◆ **Task objective**
In the records below, begin at the line containing "Garavani Pink Rockstud" and end at the line containing "bluetooth soundbar speakers, stereo"; quote every line in that span exactly, including both boundary lines, and no others.

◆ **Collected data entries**
++++++++

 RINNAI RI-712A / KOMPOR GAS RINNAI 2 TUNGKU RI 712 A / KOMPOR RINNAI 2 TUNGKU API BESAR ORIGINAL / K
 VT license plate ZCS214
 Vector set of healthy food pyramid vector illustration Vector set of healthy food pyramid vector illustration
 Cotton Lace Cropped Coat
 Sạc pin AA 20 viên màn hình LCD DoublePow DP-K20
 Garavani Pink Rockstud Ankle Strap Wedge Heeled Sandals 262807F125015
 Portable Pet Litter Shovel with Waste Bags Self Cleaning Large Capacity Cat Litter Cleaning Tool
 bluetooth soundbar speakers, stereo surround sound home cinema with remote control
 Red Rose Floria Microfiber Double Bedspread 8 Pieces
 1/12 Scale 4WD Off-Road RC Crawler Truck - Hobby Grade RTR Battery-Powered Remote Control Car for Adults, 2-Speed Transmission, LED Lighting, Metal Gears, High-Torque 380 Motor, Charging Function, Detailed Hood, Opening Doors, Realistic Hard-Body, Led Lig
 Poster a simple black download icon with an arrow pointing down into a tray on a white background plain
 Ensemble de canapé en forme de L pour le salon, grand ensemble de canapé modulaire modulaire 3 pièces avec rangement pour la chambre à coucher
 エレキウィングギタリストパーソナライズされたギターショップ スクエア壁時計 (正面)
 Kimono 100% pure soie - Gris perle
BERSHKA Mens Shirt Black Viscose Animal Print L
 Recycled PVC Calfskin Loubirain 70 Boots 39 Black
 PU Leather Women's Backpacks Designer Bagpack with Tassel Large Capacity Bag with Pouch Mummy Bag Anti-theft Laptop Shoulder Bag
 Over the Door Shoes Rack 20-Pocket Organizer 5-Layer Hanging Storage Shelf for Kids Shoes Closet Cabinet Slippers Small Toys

++++++++

◆ **The completed task**
 Garavani Pink Rockstud Ankle Strap Wedge Heeled Sandals 262807F125015
 Portable Pet Litter Shovel with Waste Bags Self Cleaning Large Capacity Cat Litter Cleaning Tool
 bluetooth soundbar speakers, stereo surround sound home cinema with remote control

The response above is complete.